Request to Pay is changing payments – first use cases

The payment request or, in business terms, Request to Pay (R2P), is a new payment instrument that is set to change payments for the long term. In the whitepaper “Request to Pay completes the electronic payment process”, I have already explained the relation between electronic billing, instant payments and the hitherto missing payment instrument Request to Pay.

I will use this blog entry to present the first few of many use cases which can be easily addressed to an existing bank account via Request to Pay:

  • Request to Pay in case of an already sent commercial invoice: an easy use case is that the invoice has already been sent in a classic way and a Request to Pay is additionally sent afterwards. This use case primarily focuses on speeding up the settlement of the due invoice by facilitating the invoice data processing for the debtor. The Request to Pay related to the invoice that the debtor has already received is displayed to him in his online or mobile banking application with the recipient data, the payment amount and the remittance information already filled out.
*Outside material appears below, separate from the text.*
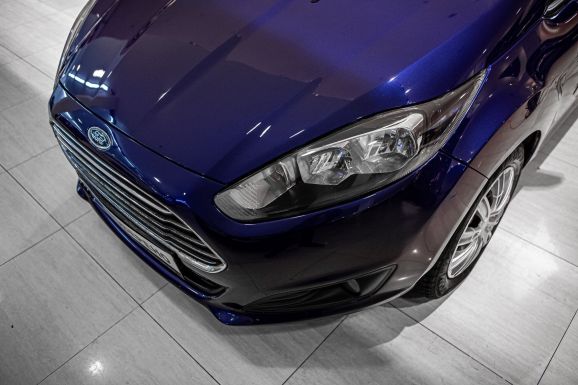Ford Fiesta, Робот, 2015 фото 7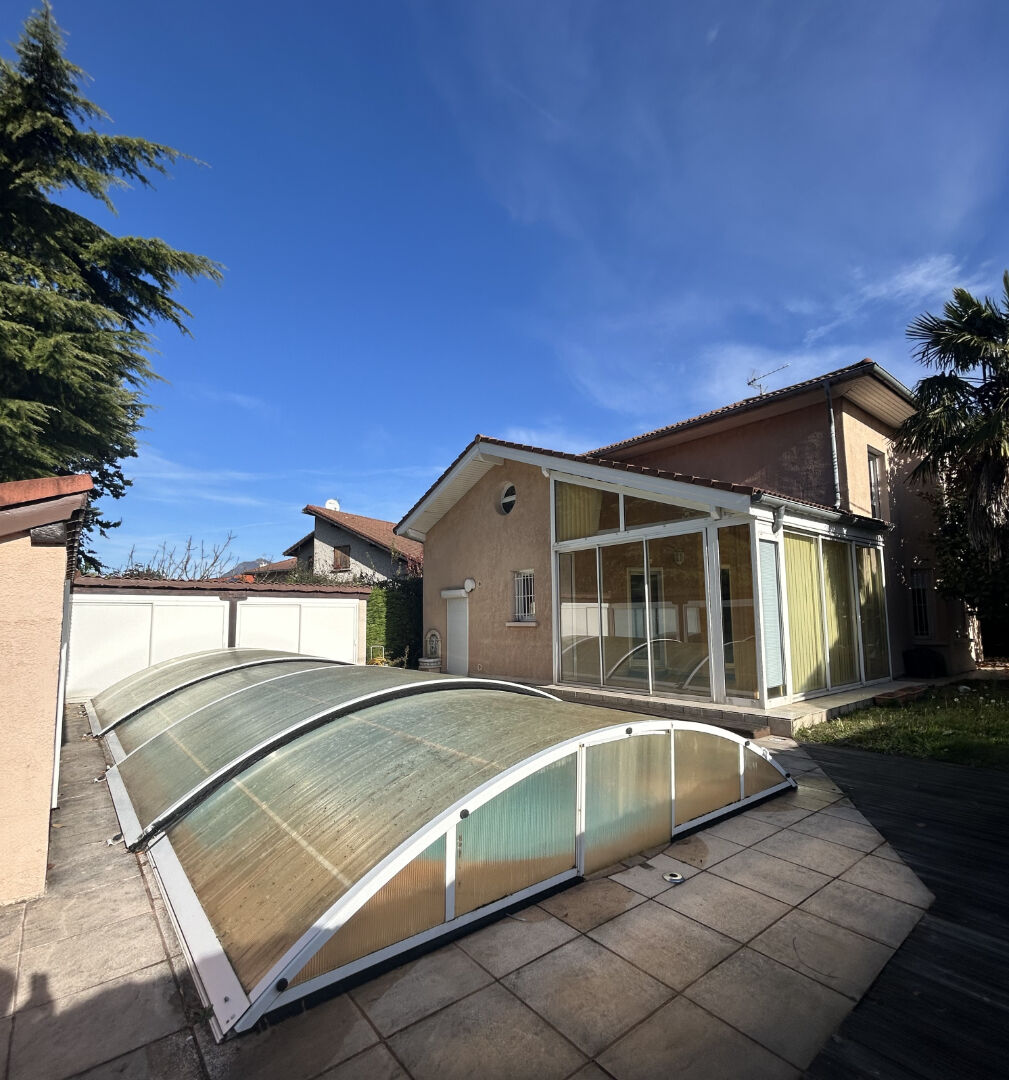 Photo (38) Sassenage - Villa 148 m², 4 CH, terrain 510 m², piscine image 2/6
The debtor only needs to confirm the data and sign the execution with his credentials.

  • Request to Pay combined with a commercial invoice: of course, the previously described use case is also conceivable if both an electronic invoice and the associated Request to Pay are to be presented to the debtor at the same time in his online or mobile banking application. The conventional postal dispatch is thus eliminated and the debtor can view his invoice digitally and pay it in a simple manner. This method also offers the option to digitally store the invoice in a banking archive and to digitally match it with a payment at any time.

  • Request to Pay in step-by-step transactions: needless to say, Request for Pay is useful for more than just scenarios with separate locations. It is thus also conceivable to digitise the previous cash on delivery method. The supplier addresses a Request to Pay message to the recipient who then verifies the product delivery and initiates an instant payments order as response to the request. The supplier is informed via a notification that the payment has been received and releases the product.

  • Request to Pay in stationary trade: similar to the previously described case, Request to Pay could also be used with instant payments and notifications in stationary trade. In this case, it is not the invoice but the purchase receipt that is transported with the Request to Pay message and can be stored in a digital archive at the account together with the booking. The cashier personnel release the purchase only once the notification has come in.

As demonstrated, payment requests are applicable in many sectors and I therefore believe that the new payment instrument Request to Pay is bound to change payments as we know them on a lasting basis. I will continue to post frequent updates on current developments and additional use cases on this blog.

Author: Eric Waller

Announcement: Extension of PPI’s EBICS blog – all about payments!

Dear readers,

We are pleased to inform you today about the extension of our EBICS blog.

In the PPI EBICS blog "All about payments" we would like to keep you up-to-date about current payment trends and topics concerning EBICS, SEPA, SWIFT, regulation and digitisation.

From now on the EBICS blog is maintained by two teams of authors in a 2-week rhythm. Our goal: to give you a first-hand account of the views and experiences of our product and consulting experts from customer projects, studies and white papers with regard to current and future requirements of the payments market.

We look forward to your feedback and hope you enjoy reading this blog!

Your team of authors at PPI

Real-time notifications and EBICS – no more "hopeful queries" for downloads

As I already wrote in my blog post in December 2018, real-time credit transfers (instant payments) in the corporate customer business are making their way into the world of EBICS via the new bulk format. When uploading real-time credit transfers, the EBICS transfer phase is not subject to the strict synchronous time rules of instant payments. The clock starts ticking only after the EBICS bank server processing.

But what about the opposite direction for instant payments business transactions in EBICS? After all, a credit notification, if not possible in real time, should still be sent to the payment recipient as soon as possible. In the standard role relationship between customer and bank, the EBICS client always downloads the information from the bank server. An active provision by the bank via EBICS is not intended. Especially the business community has urged the banks and the German Banking Industry Committee (Deutsche Kreditwirtschaft) to find a pragmatic solution for a push option. The ultimate goal was to develop a solution that could be implemented without the need to change the EBICS protocol and the role concept.

The result was the idea to create a new web socket-based standard interface that informs EBICS clients when new information is available for download. This also includes information about a newly available credit notification. This new push channel is thus not used to transfer any sensitive data. The download of the relevant sensitive data is still carried out via the secure EBICS channel.

In the meantime, the Deutsche Kreditwirtschaft has described this new interface in the "Spezifikation Echtzeitbenachrichtigungen" (specification for real-time notifications) and published version 1.0 on July 18, 2019 on the German EBICS website (

Now the interface must be implemented in the EBICS clients and EBICS servers in a standard-compliant and timely manner. This development opens up new possibilities for optimising corporate customer business, even independently of instant payments. For example, the frequent and ongoing "hopeful queries" by automated EBICS clients (as performed in case of account statement downloads) can be eliminated for all download processes. This means that both EBICS client users and bank server operators can expect a load reduction. That's good news, isn't it?